How do we interpret Barry Mazur's quote of

Modular forms are functions on the complex plane that are inordinately symmetric. They satisfy so many internal symmetries that their mere existence seem like accidents. But they do exist.

I figure the symmetries in a (elliptic) modular form are just what you get from the functional equation defining them. But $SL(2,Z)$ is the source of these symmetries, and while an infinite group, only has two generators. These correspond to the translation symmetry $f(z) = f(z+1)$ and "weaker" the inversion of a unit circle symmetry $f(-1/z) = z^k f(z)$ (weaker in that it's not an equality in images, there's that $z^k$ factor).

I could create a function to a lattice exhibiting rotational symmetry as well as translational. Admittedly this would be boring, but it would have as many symmetries.

Are there yet more symmetries to modular forms? Or is it that modular forms are highly non-trivial whilst maintaining this structure of symmetries?

Answer 1

My interpretation of Mazur's quote was in terms of the history of the discovery of modular forms. Of course trigonometric functions came first, and then a whole variety of other special functions in the eighteenth and nineteenth century, culminating in the study of elliptic functions. Since elliptic functions exhibit some kind of "universality" among special functions (most can be written in terms of evaluations of elliptic functions or limits thereof), when people first considered generalizations of their symmetries, it wasn't even clear if they would find anything.

This is also illustrated by the section "Poincaré on discovery and his work on automorphic functions" in the wiki article on automorphic forms:

One of Poincaré's first discoveries in mathematics, dating to the 1880s, was automorphic forms. He named them Fuchsian functions, after the mathematician Lazarus Fuchs, because Fuchs was known for being a good teacher and had researched on differential equations and the theory of functions. Poincaré actually developed the concept of these functions as part of his doctoral thesis. Under Poincaré's definition, an automorphic function is one which is analytic in its domain and is invariant under a discrete infinite group of linear fractional transformations. Automorphic functions then generalize both trigonometric and elliptic functions.
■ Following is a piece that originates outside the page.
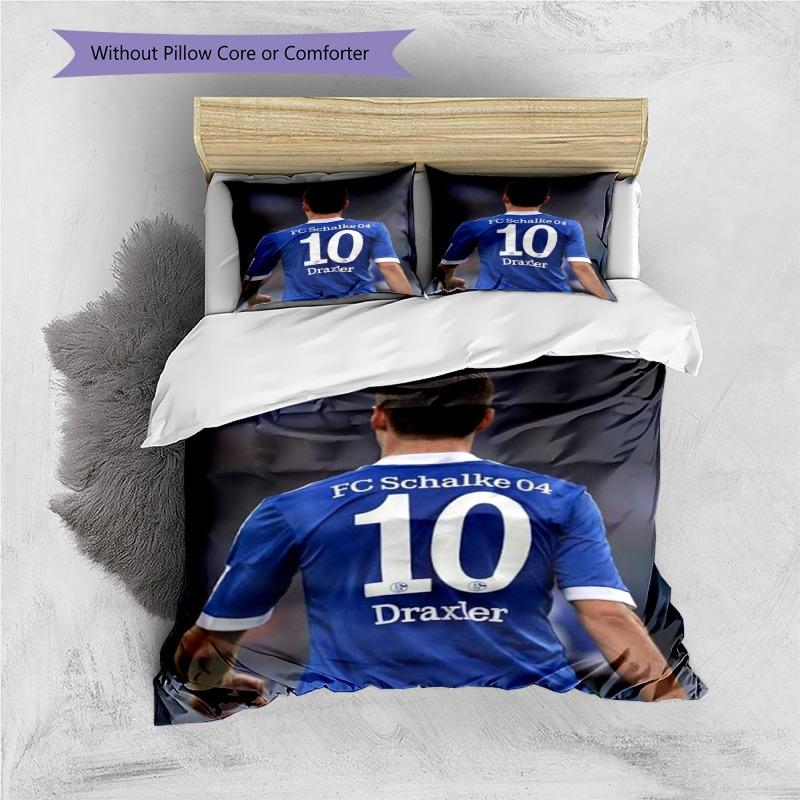 Draxler FC Schalke 04 Nr. 10 3-teiliges Bettwäsche-Set Bettbezug mit 2 Kissenbezügen, Fußballspieler Rückendruck Bettbezug für Fans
Poincaré explains how he discovered Fuchsian functions:

For fifteen days I strove to prove that there could not be any functions like those I have since called Fuchsian functions. I was then very ignorant; every day I seated myself at my work table, stayed an hour or two, tried a great number of combinations and reached no results. One evening, contrary to my custom, I drank black coffee and could not sleep. Ideas rose in crowds; I felt them collide until pairs interlocked, so to speak, making a stable combination. By the next morning I had established the existence of a class of Fuchsian functions, those which come from the hypergeometric series; I had only to write out the results, which took but a few hours.